Не говоря ни слова, продавец закладывает два пальца в рот и пронзительно свистит.
– Ну вот как-то так, – переведя дух, произносит он. – Брать будете?
* * *
На Ломоносовском проспекте, напротив химфака МГУ, возле остановки сто тридцатого автобуса стоит урна.

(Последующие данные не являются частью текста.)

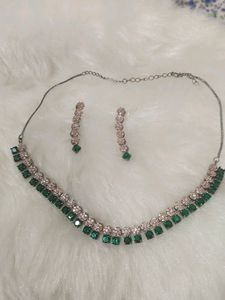 Emerald Diamond Set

Сегодня, в седьмом часу вечера, я видел, как с этой урной разговаривал мужчина. Прямо в нее и говорил. Какие-то давние обиды ей припоминал. Но не то чтобы со злобой, нет. Больше с грустью. Ничего не отвечала урна. Лишь оберткой от мороженого помахивала. Мужчина не останавливался и говорил в нее еще. Обидное говорил, и даже нецензурное. Молчала урна. Мужчина утомился и сел возле урны. Привалился к ней. Закурил. Стал говорить тише, задушевнее. Но все равно нецензурное. Наверное, она бы ему ответила. Потом, не сегодня. Сегодня у нее был тяжелый день. Но у мужчины, как видно, тоже день был не из легких. И он настаивал. Стукнул ее полупустой пивной бутылкой в бок. Плюнул в нее и заплакал. Наконец он с трудом поднялся и пошел, шатаясь и всхлипывая. А она осталась. Не бросилась догонять. Завтра, должно быть, придет мириться. В крайнем случае, послезавтра. Никуда не денется.